© Shashank Mohan Jain 2020
S. M. JainLinux Containers and Virtualizationhttps://doi.org/10.1007/978-1-4842-6283-2_2

2. Hypervisors

Shashank Mohan Jain1 
(1)
Bengaluru, India
 

In the previous chapter, we discussed what virtualization is and covered the types of virtualization—VM-based and container-based. In VM-based virtualization, we briefly discussed the role and importance of the hypervisor, which facilitates the creation of virtual machines.

In this chapter, we do a deep dive into hypervisors. Most of the chapter explains virtualization using components like the Linux Kernel Virtual Machine (KVM) and the Quick Emulator (QEMU). Based on these components, we then look at how VMs are created and how data flow between the guest and the hosts is facilitated.

Linux provides hypervisor facilities by using the QEMU in the user space and a specialized kernel module called the KVM (the Linux Kernel Virtual Machine). The KVM uses the Intel vt-x extension instruction set to isolate resources at the hardware level. Since the QEMU is a user space process, the kernel treats it like other processes from a scheduling perspective.

Before we discuss the QEMU and KVM, let’s touch upon Intel’s vt-x and its specific instruction set.

The Intel Vt-x Instruction Set

Intel’s virtualization technology (VT) comes in two flavors:
  • Vt-x (for Intel x86 IA-32 and 64-bit architectures )

  • Vt-i (for the Itanium processor line)

Functionalities wise, they are similar. To understand the need for virtualization support at the CPU level, let’s quickly review how programs and the OS interact with the CPU, as well as how programs in VM interact with the CPU.

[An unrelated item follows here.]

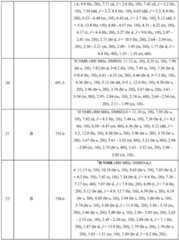 Figure BDA0003027048450003941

In the case of regular programs running on the host, the OS translates the program instructions into CPU instructions that are executed by the CPU.

In the case of a virtual machine, to run the programs within the virtual machine, the guest OS translates program instructions into virtual CPU instructions and the hypervisor then converts these into instructions for the physical CPU.

As we can see, for VM, the program instructions are translated twice—the program instructions are translated into virtual CPU instructions and the virtual CPU instructions are translated into physical CPU instructions.

This results in large performance overhead and slows down the virtual machine. CPU virtualization, like the vt-x feature, enables complete abstraction of the full prowess of the CPU to the virtual machine so that all the software in the VM can run without a performance hit; it runs as if it were on a dedicated CPU.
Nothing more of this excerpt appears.